On November 24, 2014, then Governor Jerry Brown announced the appointment of Kruger to the California Supreme Court. On her questionnaire for the high court position, Kruger acknowledged she had never before taken a deposition and that, "I have not tried any cases to verdict or judgment." Although she had no prior judicial experience, her selection was publicly praised by then-U.S. Attorney General Eric Holder, Obama's then-U.S. Solicitor General Donald B. Verrilli Jr., Obama's former Acting Solicitor General Neal Katyal, and former Solicitor General (under President George W. Bush) Paul Clement.

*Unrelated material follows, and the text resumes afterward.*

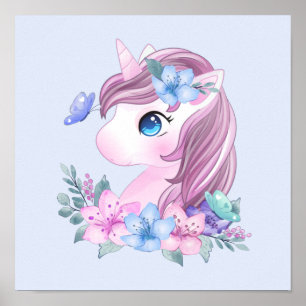 Affiche Cute & Magique Baby Unicorne avec gros yeux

Kruger was confirmed on December 29, 2014, and replaced Associate Justice Joyce L. Kennard, who retired. She was sworn in on January 5, 2015, and became the court's second African-American woman justice, following Janice Rogers Brown. At 38, she was the youngest appointee (Note: Other, younger members of the court in the past were elected: David S. Terry, at 32; Erskine Mayo Ross, at 34; Terry W. Ward, at 37; and Van R. Paterson, at 38.) to the court in recent years and the third youngest appointee to the court ever, after Hugh C. Murray and M. C. Sloss. In November 2015, Kruger delivered the annual Bernard E. Witkin lecture before the Los Angeles County Bar Association.

On the court, Kruger has emerged as an incrementalist, stating that she views her role as, at least in part, "enhanc[ing] the predictability and stability of the law" to improve "public confidence and trust in the work of the courts." She is sometimes considered one of the swing votes when the court is occasionally divided, and is seen as a moderate liberal on the progressive-leaning seven-member court.

In 2018, Kruger was retained by California voters to serve a full twelve-year term on the court, securing 72.8% of the vote.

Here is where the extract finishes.